DATA section start
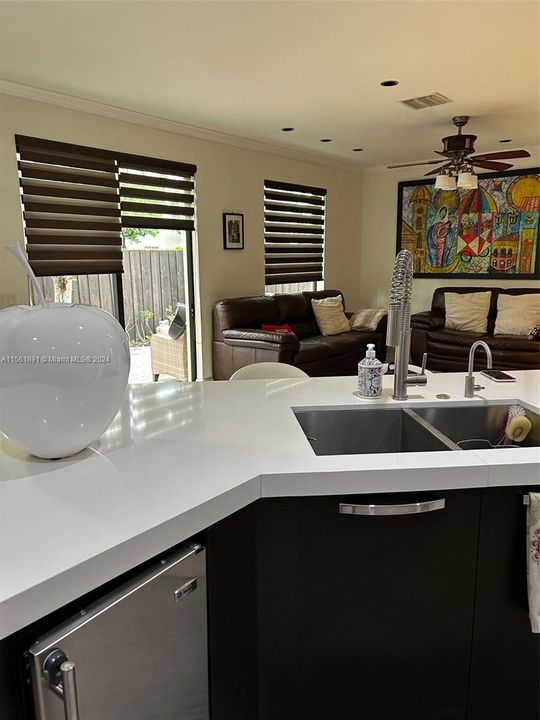 Recently Sold: $850,000 (4 beds, 3 baths, 2650 Square Feet)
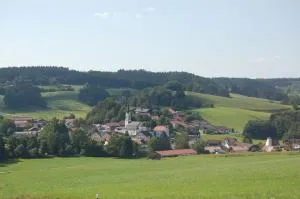 Ferienwohnung am Wirtsgarten - Thanham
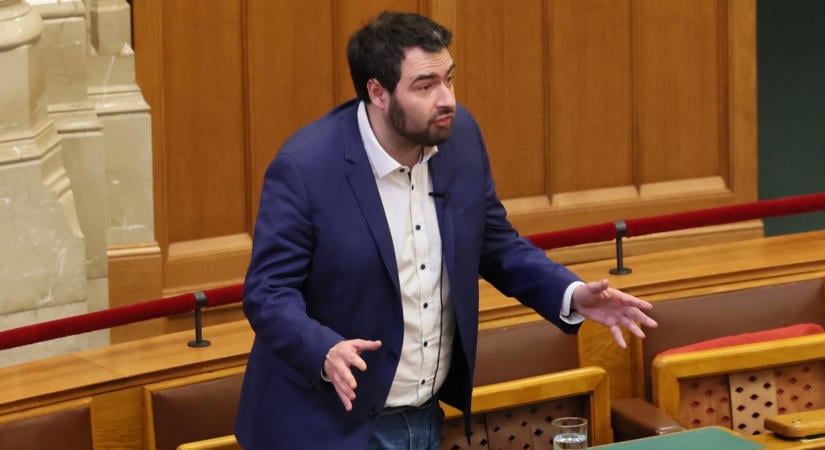 50 embert lakoltattak ki egy XVI. kerületi házból, Jámbor András szerint csalók miatt kerültek utcára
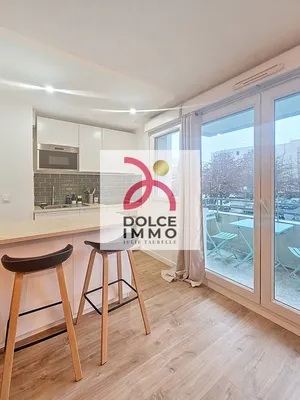 cherche logement meublé ou non proche des quais avec terrasse et parking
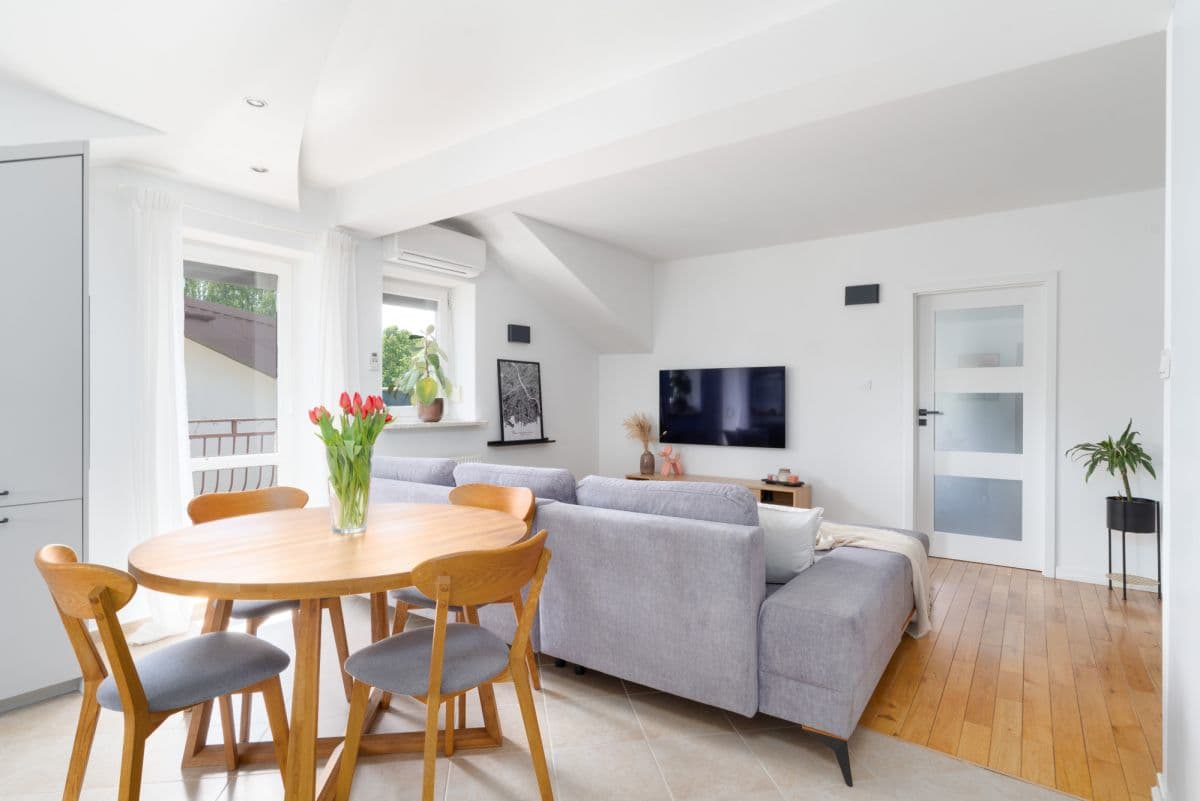 Spacious 3-room apartment near Młociński Forest – 3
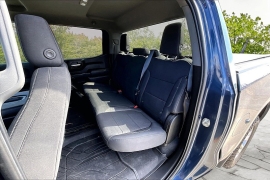 Used 2021  Chevrolet Silverado 1500 4WD Crew Cab 147" LT at Carrikers Auto Outlet near Oskaloosa&comma; IA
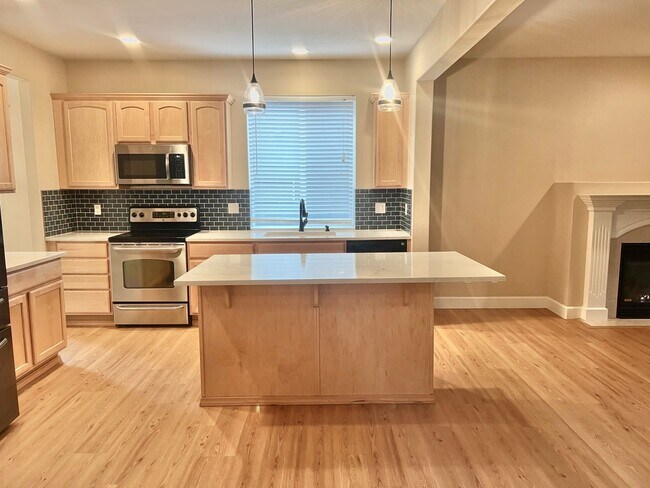 Building Photo - Must See! Beautiful 3bd/ + Bonus Rm/2.5 bath/ Primary Bed on Main/ /Heat Pump/Updated Features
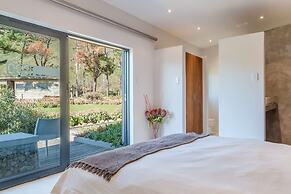 Colourful Manor Luxury Lodge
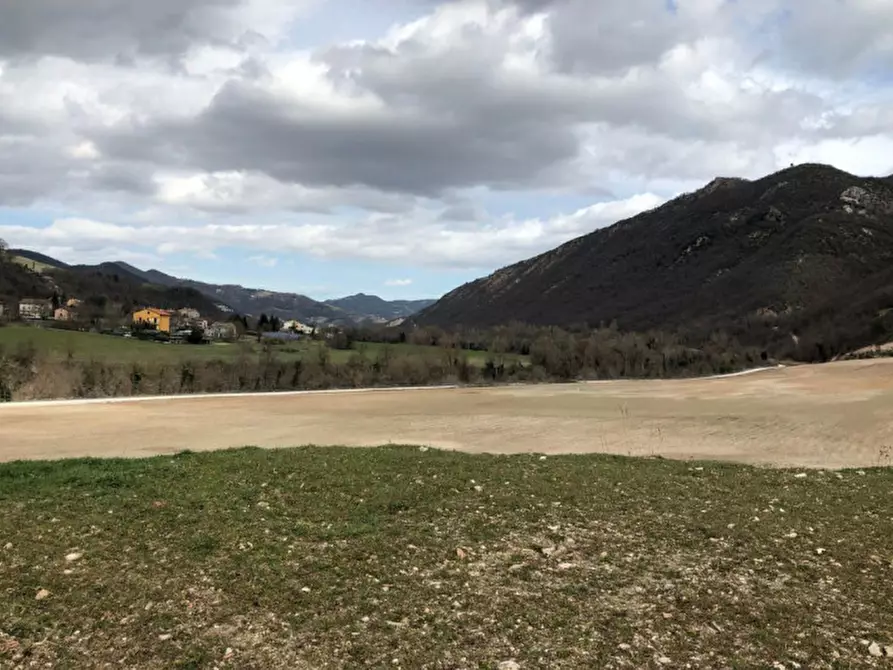 Immagine 6 di Terreno in vendita  in Loc. Smirra - Via Flaminia Nord – SP 3, N. snc a Cagli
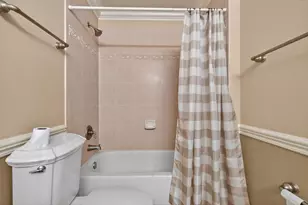 212 Berenger Walk, Royal Palm Beach, FL 33414 - Photo 22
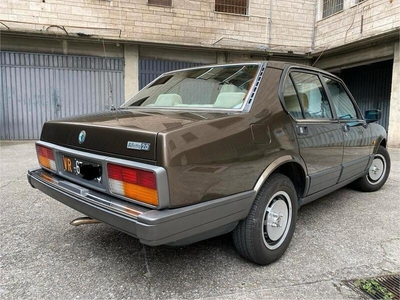 Usato 1984 Alfa Romeo Alfetta 2.0 Benzin 130 CV (10.900 €)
DATA section end
* [WORK TO COMPLETE]
In the records above, the lines from the one containing "Colourful Manor Luxury Lodge" through the last line are to be written out exactly, both ends included and pictures omitted.

* [RESPONSE TO THE TASK]
 Colourful Manor Luxury Lodge
 Immagine 6 di Terreno in vendita  in Loc. Smirra - Via Flaminia Nord – SP 3, N. snc a Cagli
 212 Berenger Walk, Royal Palm Beach, FL 33414 - Photo 22
 Usato 1984 Alfa Romeo Alfetta 2.0 Benzin 130 CV (10.900 €)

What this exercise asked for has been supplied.